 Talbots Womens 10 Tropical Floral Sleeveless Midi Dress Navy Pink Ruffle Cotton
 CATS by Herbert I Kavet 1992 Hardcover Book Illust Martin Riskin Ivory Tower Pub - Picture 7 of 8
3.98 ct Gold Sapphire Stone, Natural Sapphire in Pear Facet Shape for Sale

※

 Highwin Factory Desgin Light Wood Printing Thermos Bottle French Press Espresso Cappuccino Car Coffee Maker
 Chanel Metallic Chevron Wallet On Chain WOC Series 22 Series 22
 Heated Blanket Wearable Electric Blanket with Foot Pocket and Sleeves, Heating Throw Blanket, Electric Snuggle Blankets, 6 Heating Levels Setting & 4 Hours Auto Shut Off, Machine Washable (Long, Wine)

※

All that belongs in the answer is the run of lines above from the line containing "CATS by Herbert" through the line containing "3.98 ct Gold", exactly as written.

 CATS by Herbert I Kavet 1992 Hardcover Book Illust Martin Riskin Ivory Tower Pub - Picture 7 of 8
3.98 ct Gold Sapphire Stone, Natural Sapphire in Pear Facet Shape for Sale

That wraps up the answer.